## Exercise objective
Every entry below should be reproduced exactly; no picture is to be included.
[Entries shown]
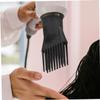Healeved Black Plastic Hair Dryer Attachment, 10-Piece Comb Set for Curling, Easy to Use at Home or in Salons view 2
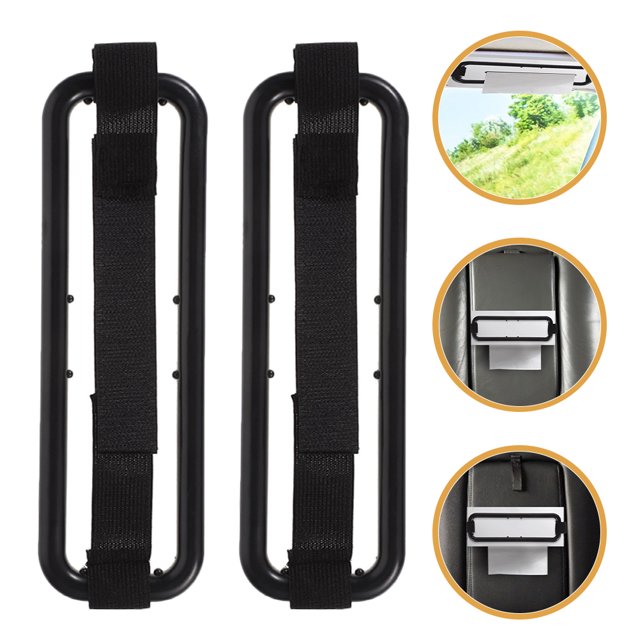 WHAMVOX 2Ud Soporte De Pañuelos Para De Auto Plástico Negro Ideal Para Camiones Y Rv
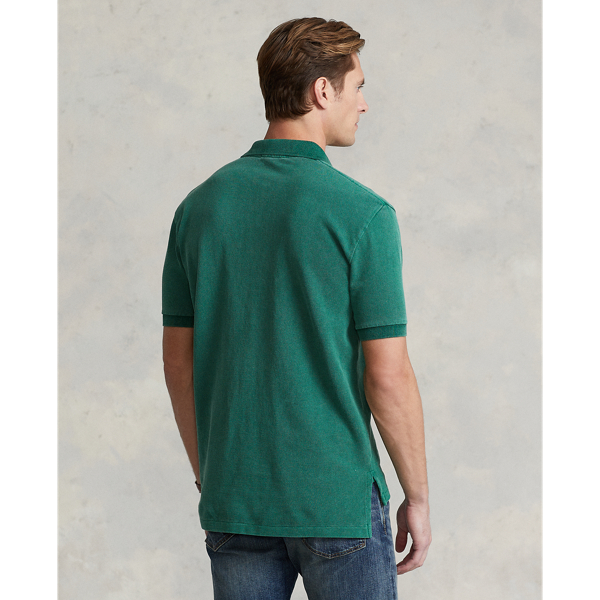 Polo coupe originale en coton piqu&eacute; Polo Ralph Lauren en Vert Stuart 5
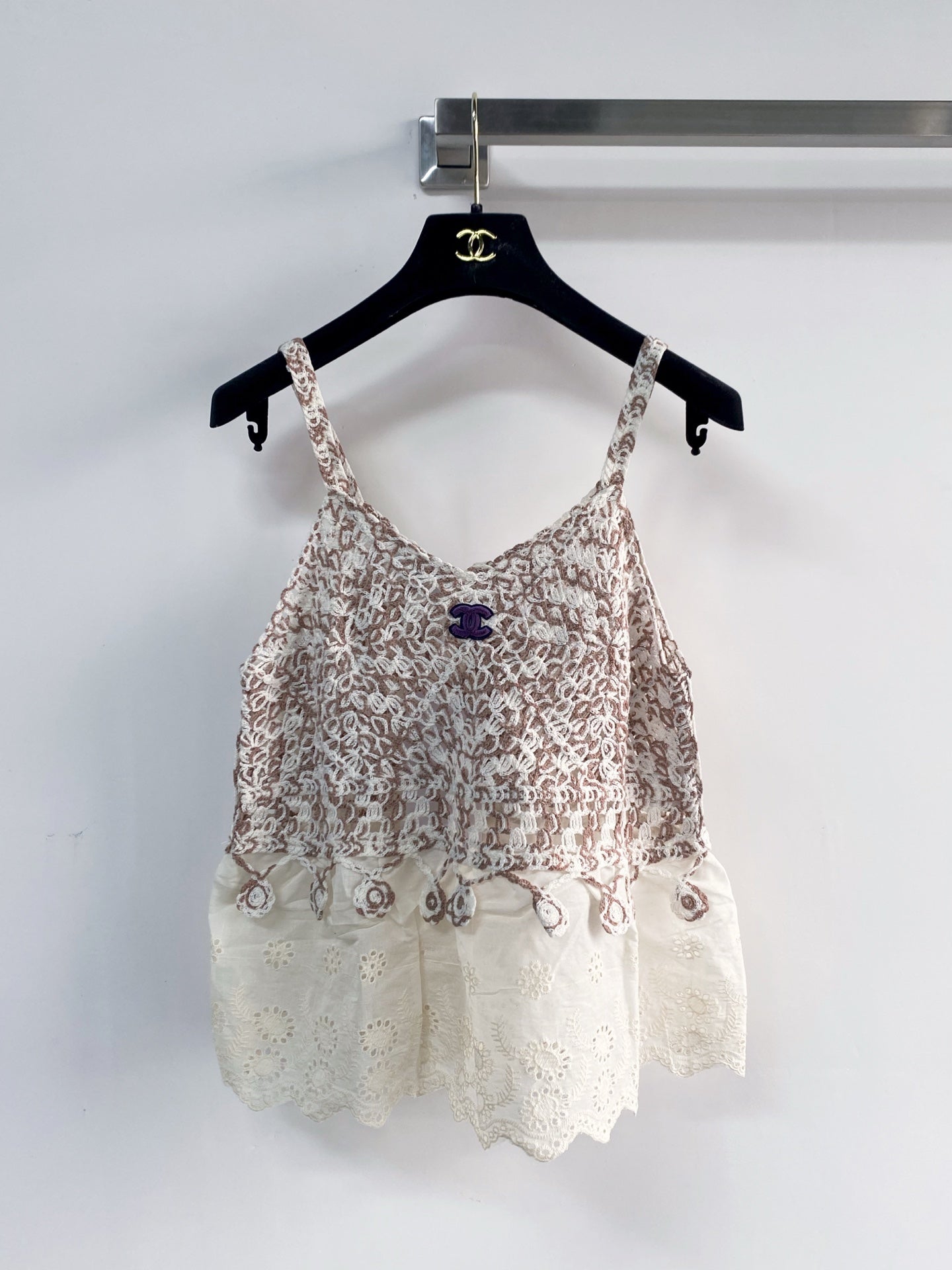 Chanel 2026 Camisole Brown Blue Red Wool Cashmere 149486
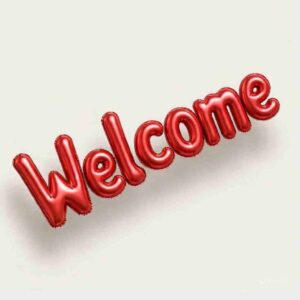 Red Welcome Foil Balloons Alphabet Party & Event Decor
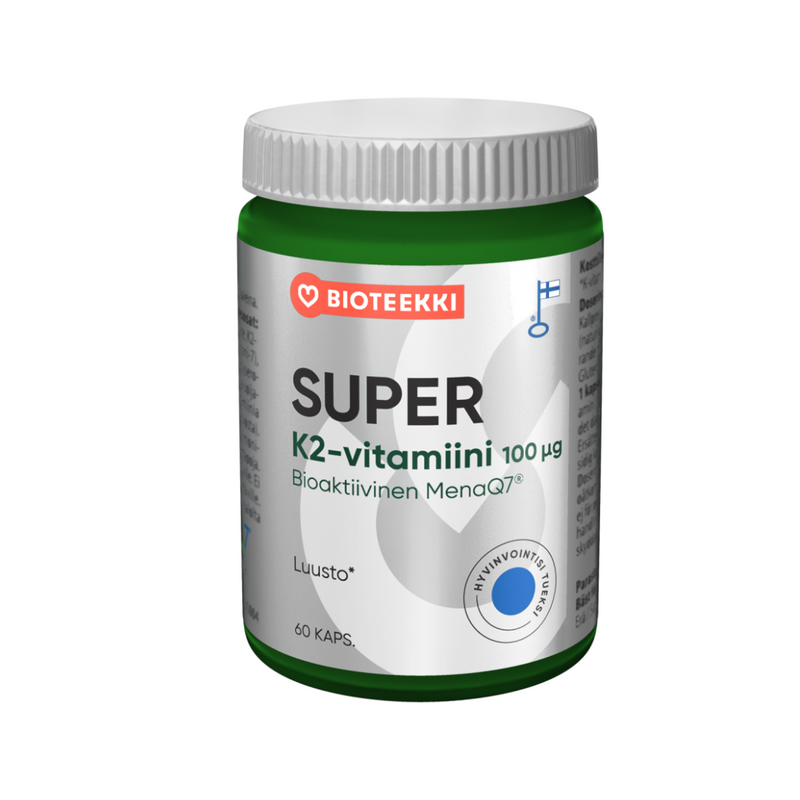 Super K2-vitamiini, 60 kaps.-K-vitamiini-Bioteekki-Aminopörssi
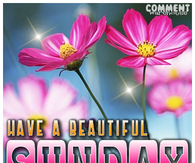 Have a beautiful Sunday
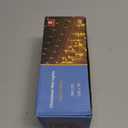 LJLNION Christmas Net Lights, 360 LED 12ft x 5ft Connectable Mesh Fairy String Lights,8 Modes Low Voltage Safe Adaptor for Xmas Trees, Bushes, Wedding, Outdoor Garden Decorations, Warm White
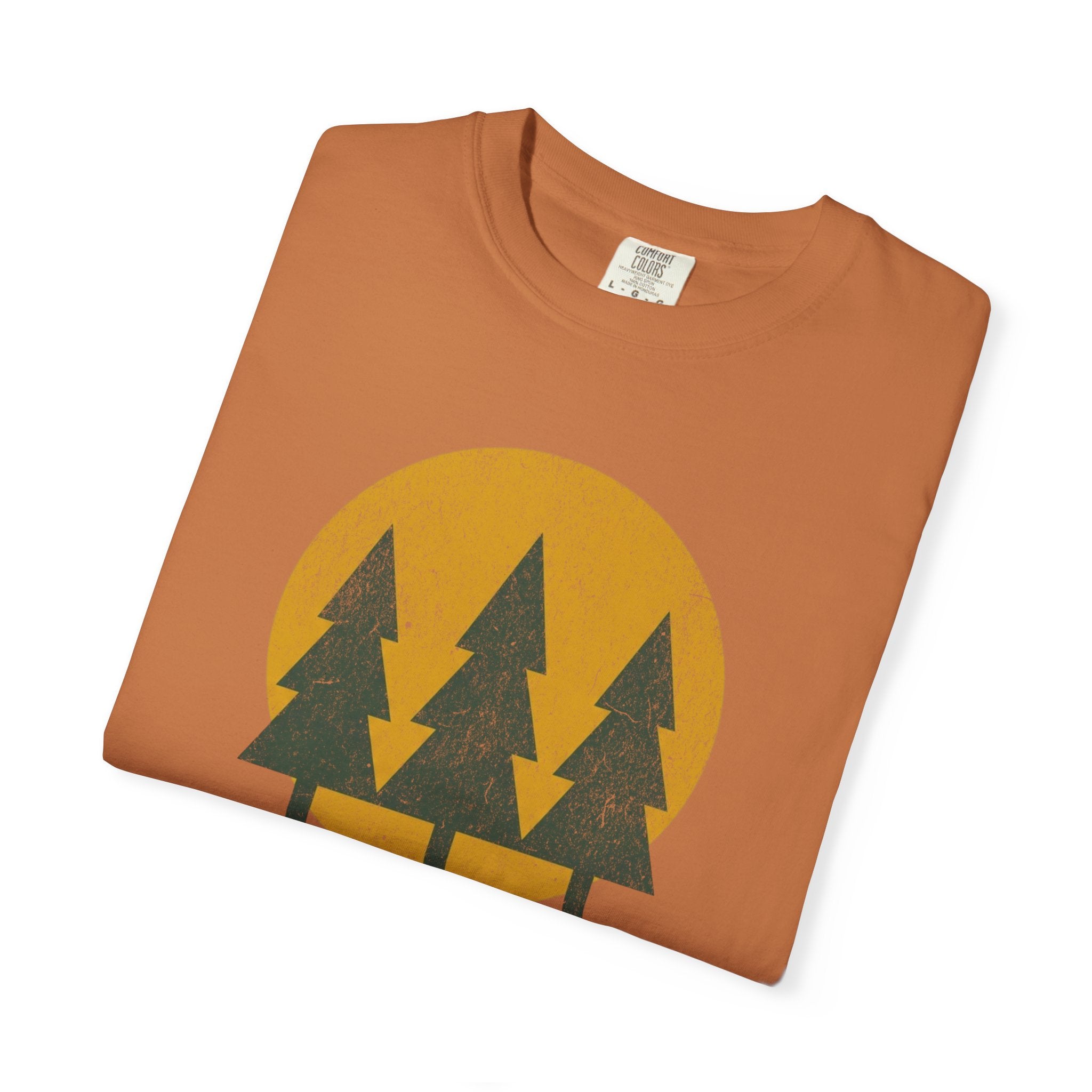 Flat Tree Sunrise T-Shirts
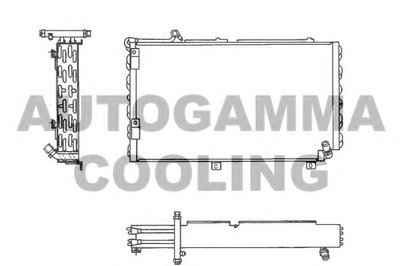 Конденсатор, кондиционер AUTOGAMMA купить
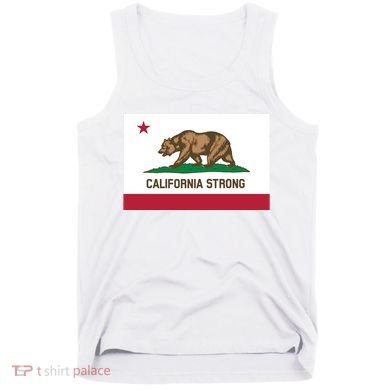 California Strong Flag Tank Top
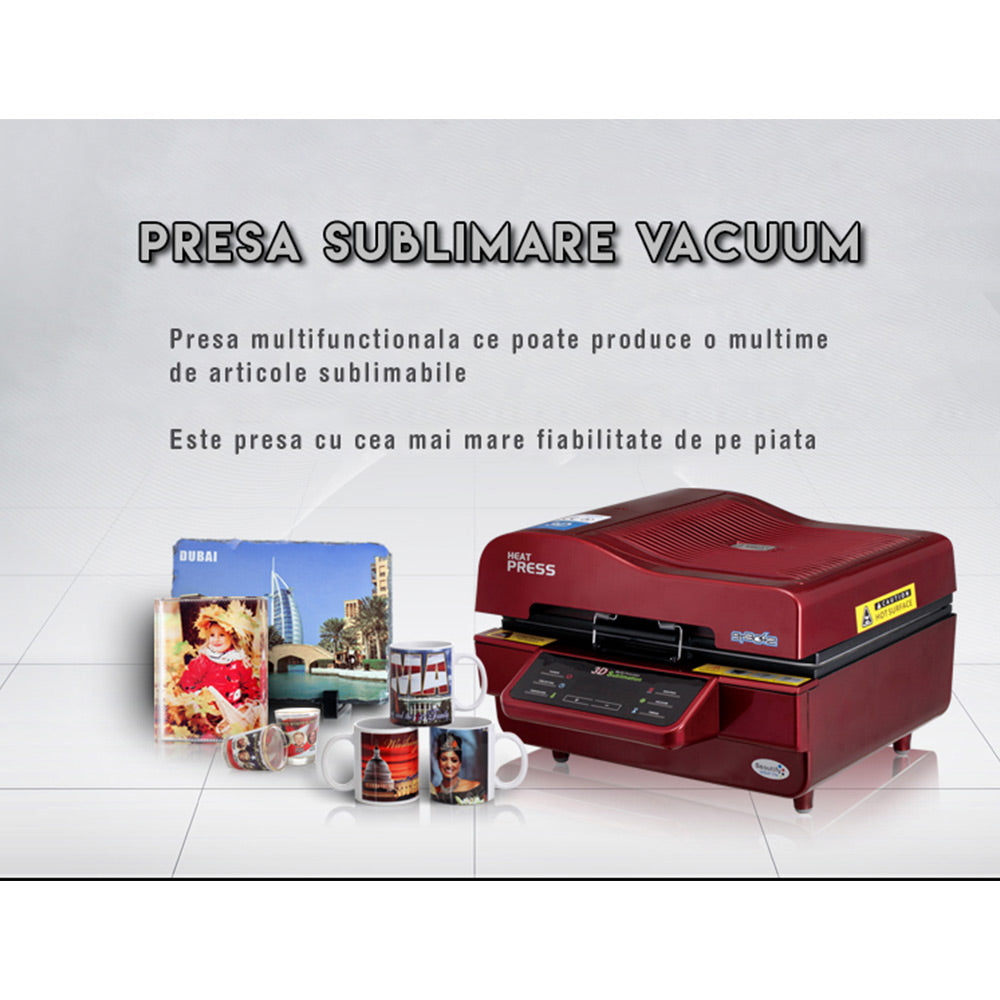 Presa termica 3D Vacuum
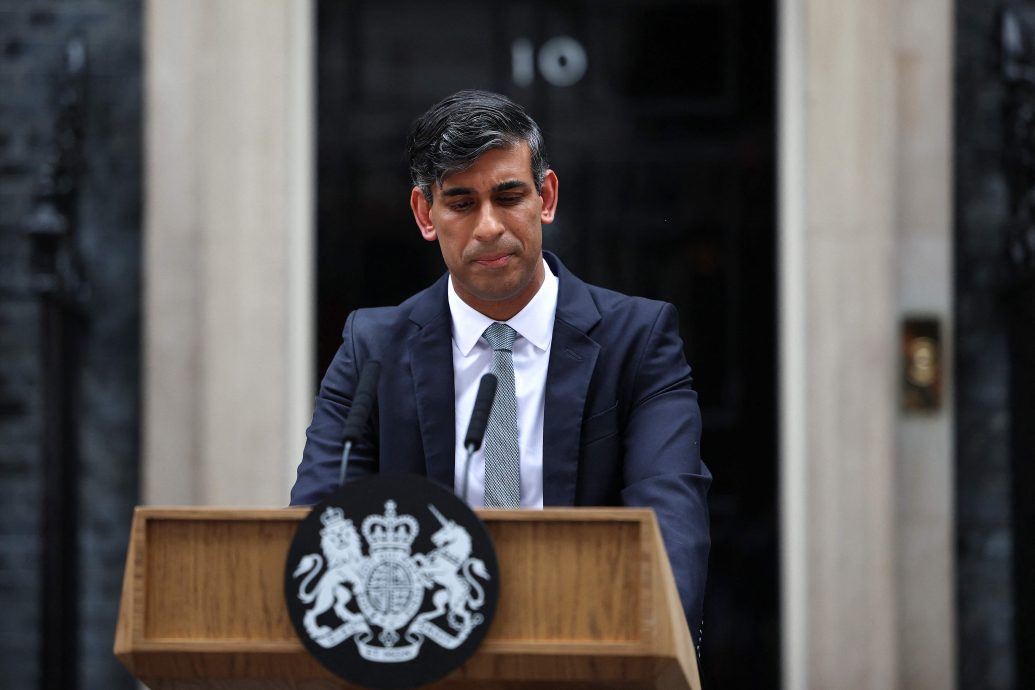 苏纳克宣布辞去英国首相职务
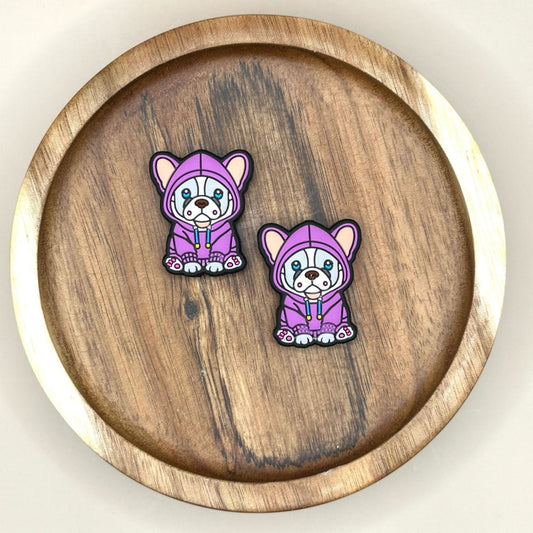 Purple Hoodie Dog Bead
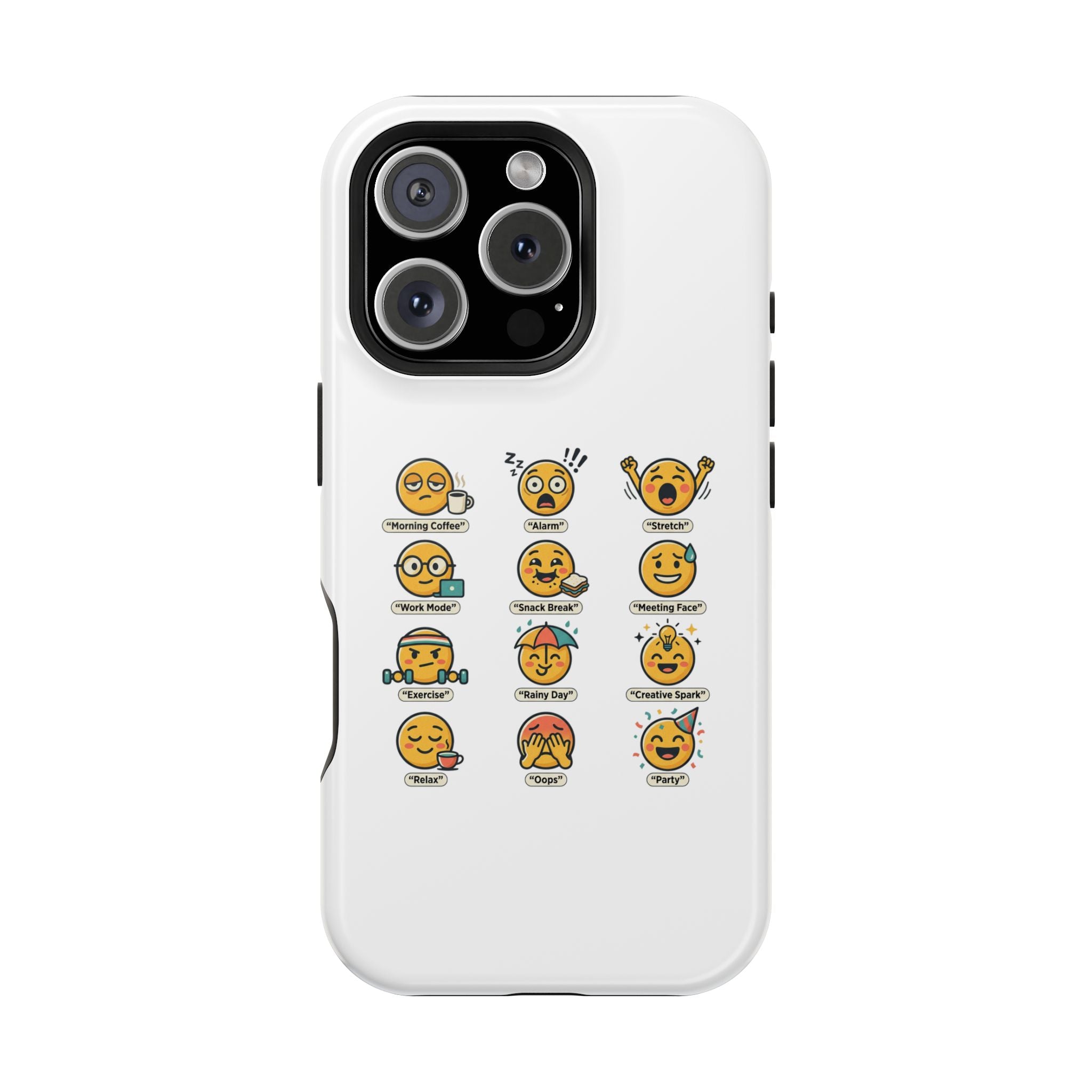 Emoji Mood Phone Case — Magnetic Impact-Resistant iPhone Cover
[/Entries shown]
## Your response
Healeved Black Plastic Hair Dryer Attachment, 10-Piece Comb Set for Curling, Easy to Use at Home or in Salons view 2
 WHAMVOX 2Ud Soporte De Pañuelos Para De Auto Plástico Negro Ideal Para Camiones Y Rv
 Polo coupe originale en coton piqu&eacute; Polo Ralph Lauren en Vert Stuart 5
 Chanel 2026 Camisole Brown Blue Red Wool Cashmere 149486
 Red Welcome Foil Balloons Alphabet Party & Event Decor
 Super K2-vitamiini, 60 kaps.-K-vitamiini-Bioteekki-Aminopörssi
 Have a beautiful Sunday
 LJLNION Christmas Net Lights, 360 LED 12ft x 5ft Connectable Mesh Fairy String Lights,8 Modes Low Voltage Safe Adaptor for Xmas Trees, Bushes, Wedding, Outdoor Garden Decorations, Warm White
 Flat Tree Sunrise T-Shirts
 Конденсатор, кондиционер AUTOGAMMA купить
 California Strong Flag Tank Top
 Presa termica 3D Vacuum
 苏纳克宣布辞去英国首相职务
 Purple Hoodie Dog Bead
 Emoji Mood Phone Case — Magnetic Impact-Resistant iPhone Cover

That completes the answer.